Q: Can we bill for Transitional Care Management services (TCM) Current Procedural Terminology (CPT) Code 99495 if a patient went in for colonoscopy, had a seizure, and was admitted for observation and work up? Or is that included in post op global period?
A: Per the CPT manual, you can use a TCM code for follow up related to an observation stay, just like you would for an inpatient stay. That is of course if you meet the requirements of the code, the 2-day contact, the timing of your visit, and the documented moderate level decision-making for the 99495. The global period only applies to the provider doing the scope. If your provider (or no member of your group of the same specialty) did not do the scope, then no global applies here.
Q: I have a few questions on how to bill the newly payable 99358 code. Let's say our providers review the records after the patient visit, how do I post the charges for this? What diagnosis will we bill with this? Are we having the docs addend the previous office note (to document time spent)? Is it ok for them to document in a clinical message that they reviewed the records, spent x amount of time and to bill the 99358 code?

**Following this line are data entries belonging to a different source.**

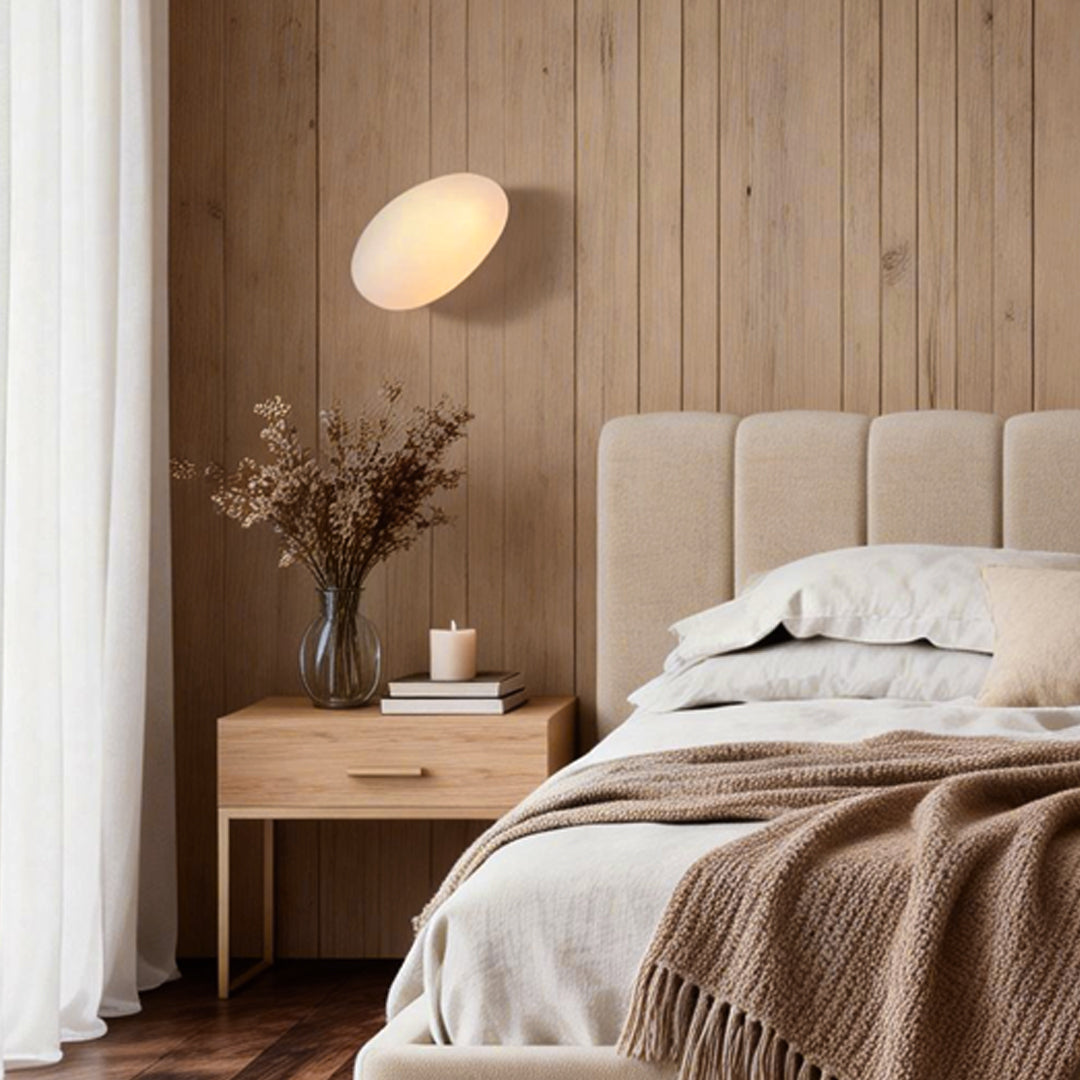 Pebbles wall lamp with a soft glow, mounted above a cozy wooden bed in a modern bedroom.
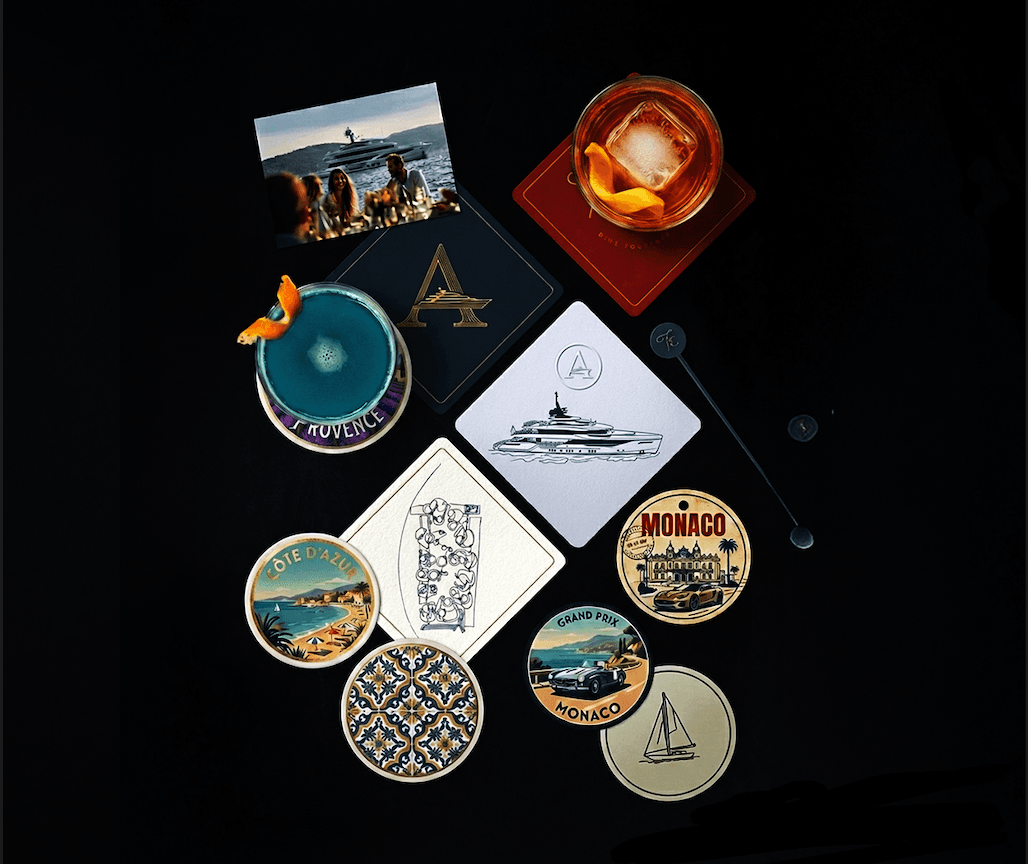 Armada Club brand collateral, coasters, cocktails, and yacht imagery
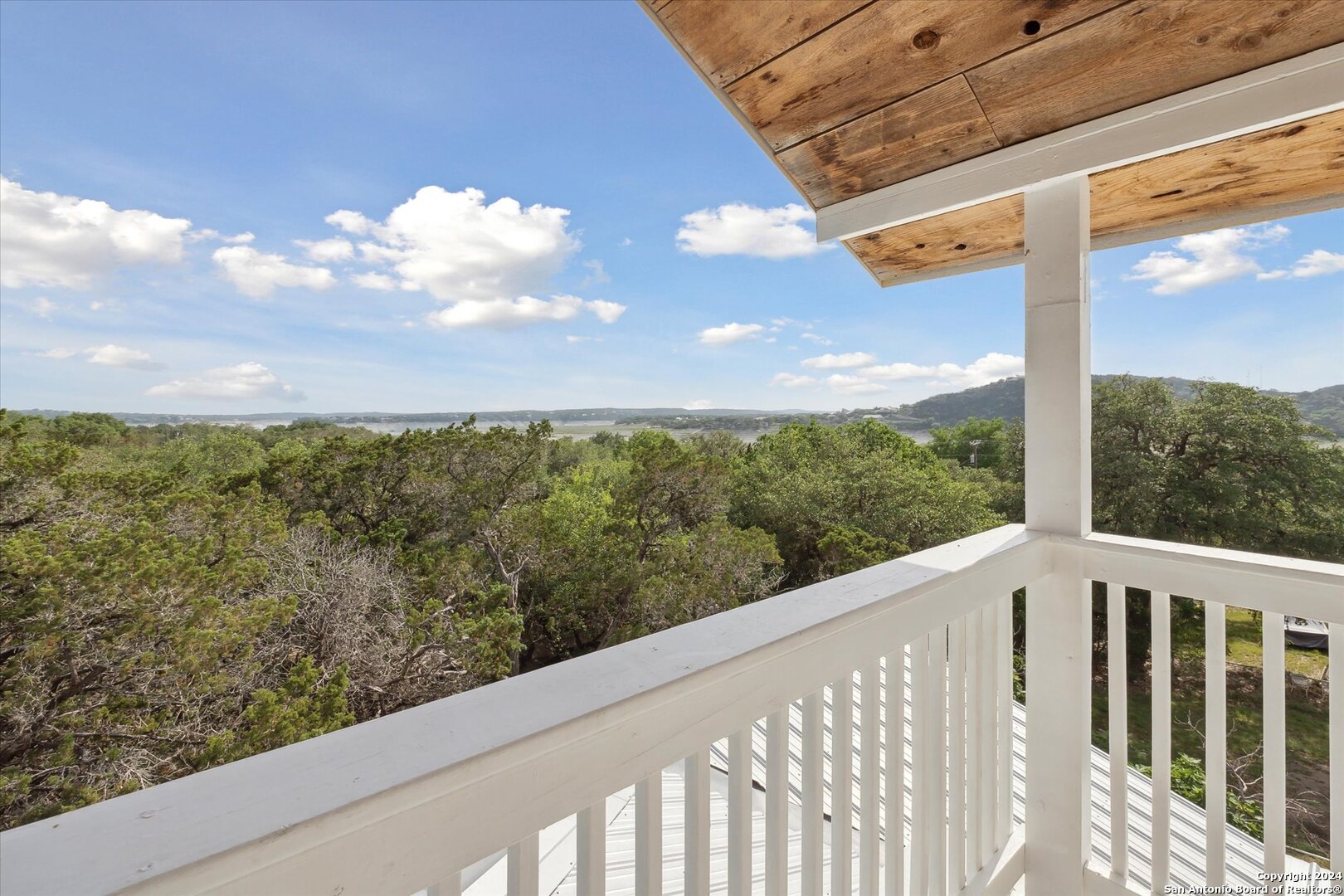 497 Black Bass Road Lakehills, TX 78063 - Photo 41 of 54 a view of a balcony with an outdoor space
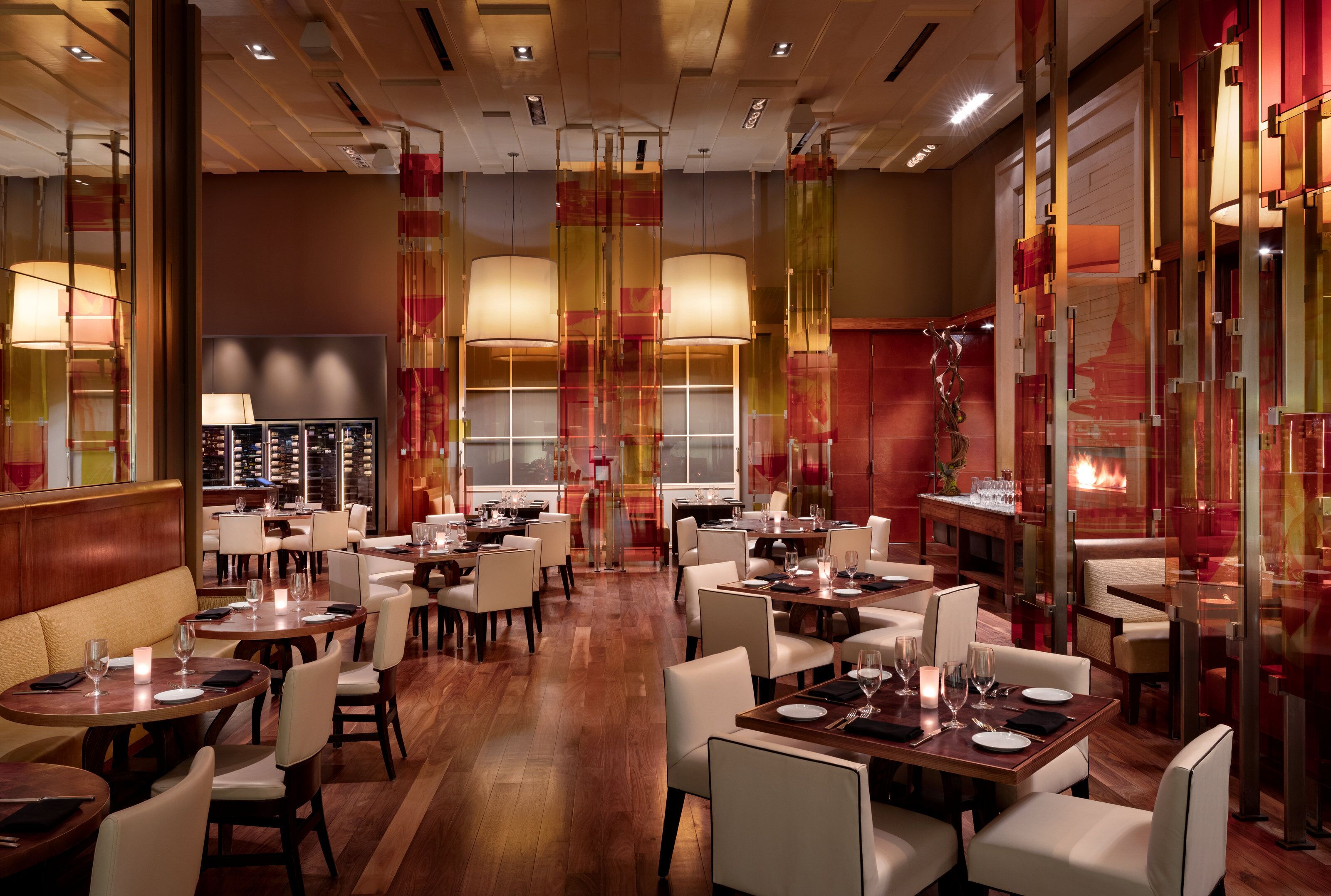 Een restaurant met meerdere eettafels en stoelen, een houten vloer en een groot raam op de achtergrond.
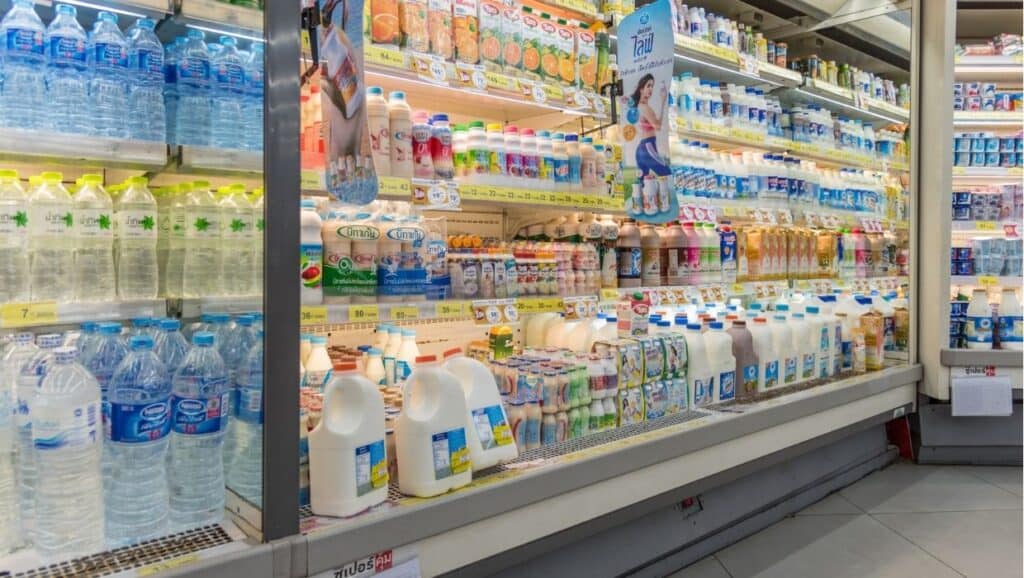 Grocery store refrigerated section filled with various dairy products and bottled water.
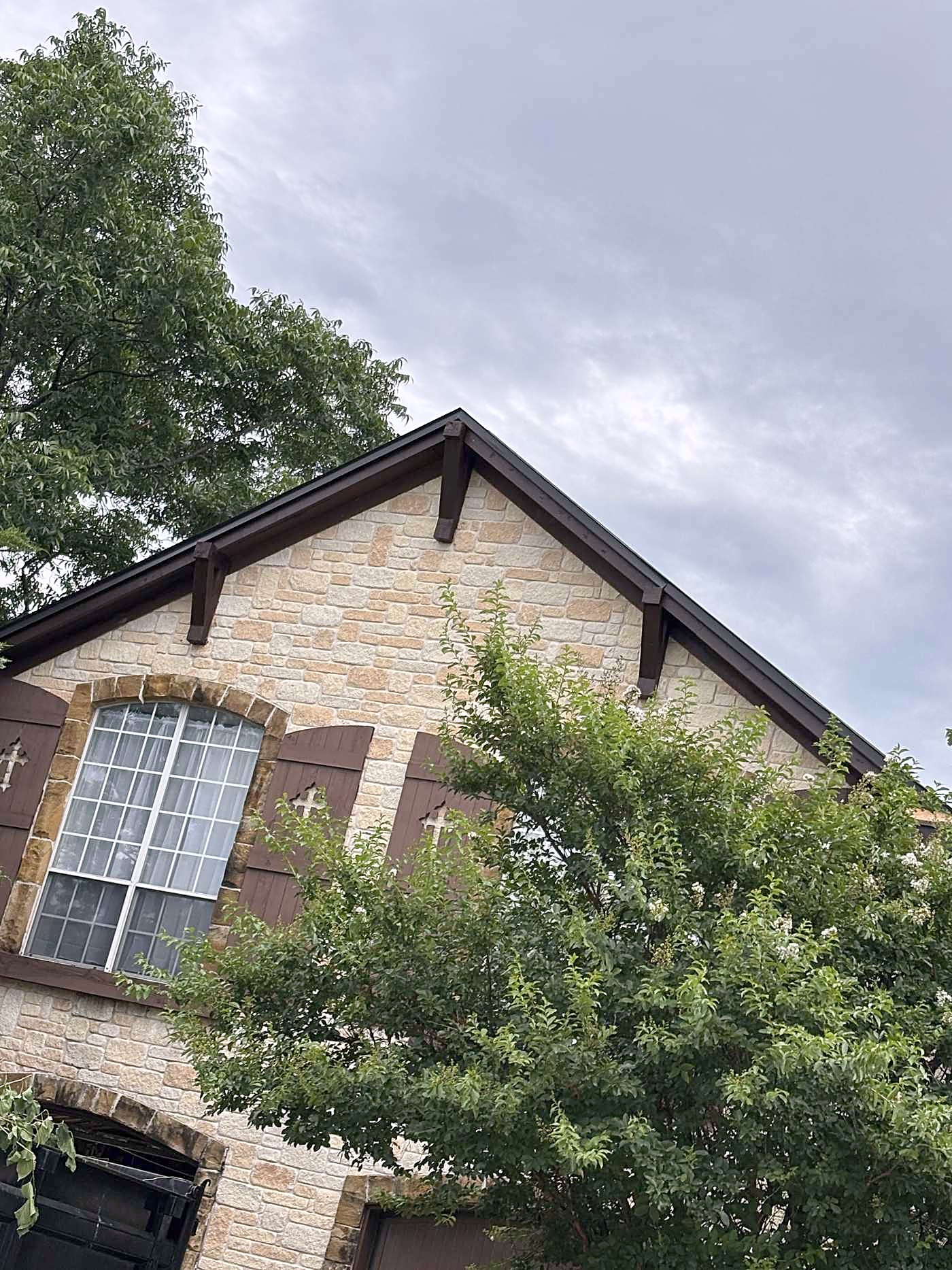 A stone front gable with dark trim and a gutter under a cloudy sky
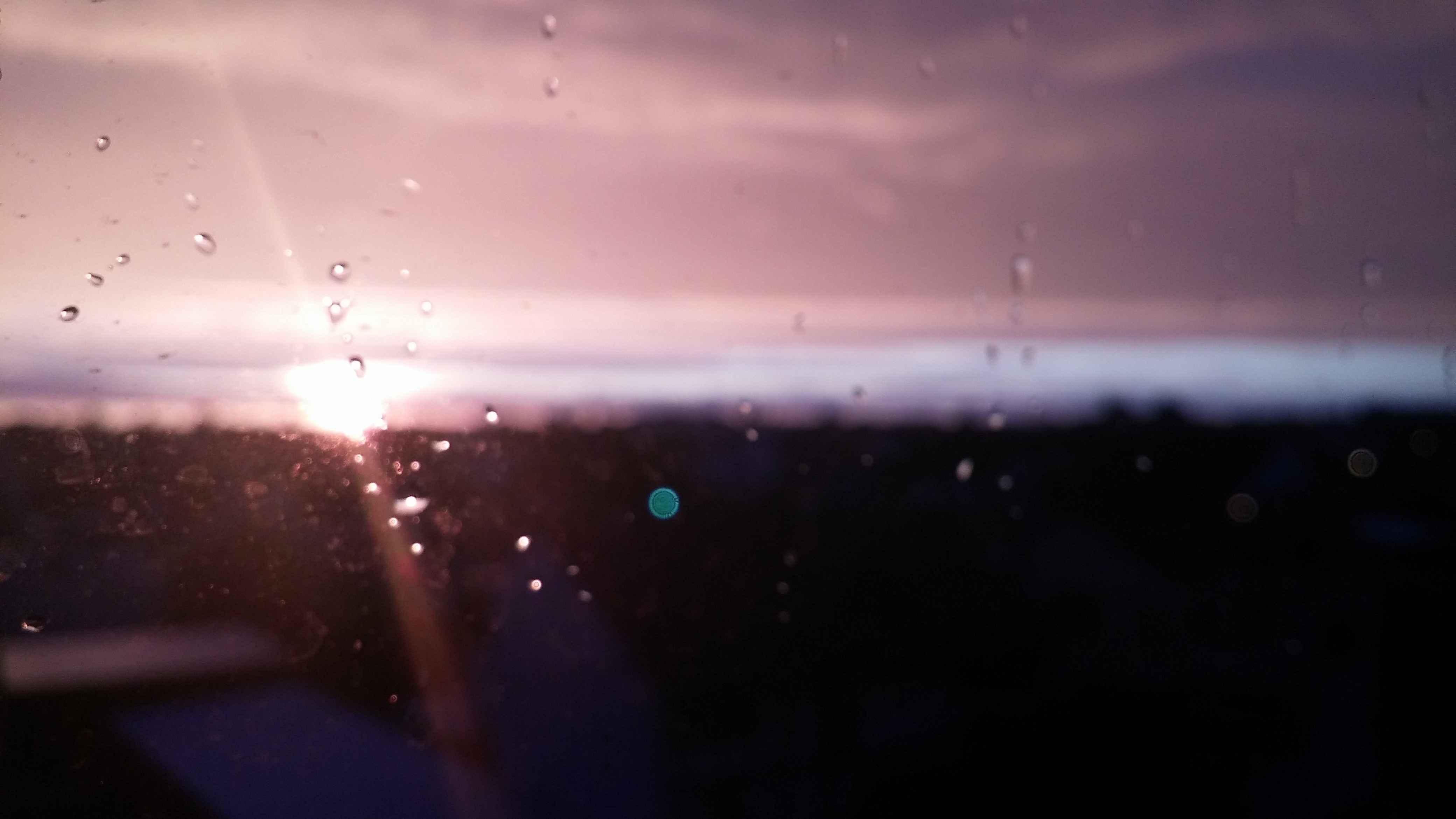 Sunset through a rainy window HD Wallpaper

A: Lot of questions in here! As to posting charges, I don't know how a provider 'creates' an encounter in your system, but that is basically what you need to do.
Remember, the important part to this 'non-face-to face' prolonged service visit is that it is a distinct service from an E&M. It was not likely intended to be done on the same day as an E&M visit. The decision-making component of an E&M visit can include review of old records, but is excluded from the typical E&M codes by the national correct coding initiative (CCI).
So what we are looking for is a clearly separate minimum of 30 minutes spent in record review or some other medically necessary activity that is documented in a note. You could addend an old note, but we need to see clearly the date of service of the new work you did. It needs to be a distinct service as above and a separate entry goes away towards that end.
To that point, I don't think you want a 'clinical message' either - all these suggestions have the effect of diminishing the service rather than presenting it as a discrete and billable service. In addition to the documentation that the doctor spent at least 30 minutes performing the service, to bolster this do a brief summary of the records reviewed, or the research conducted.
Q: It is our understanding that CMS is requiring that special reporting be done for all post op visits starting in July 2017. Is this true? Where is the specific guidance on this?
A: You are partially correct. There is a CMS initiative to require special reporting of post-op visits for certain CPT codes with 10 and 90-day global surgical periods.
This does not apply to all surgeries, however. There is a list of 293 codes which will require that the providers performing these services on or after July 1, 2017 will need to report CPT code 99024 for every post-op encounter related to these services. This includes inpatient and outpatient encounters, and pertains only to the provider (or member of the provider group) that billed the global procedural code.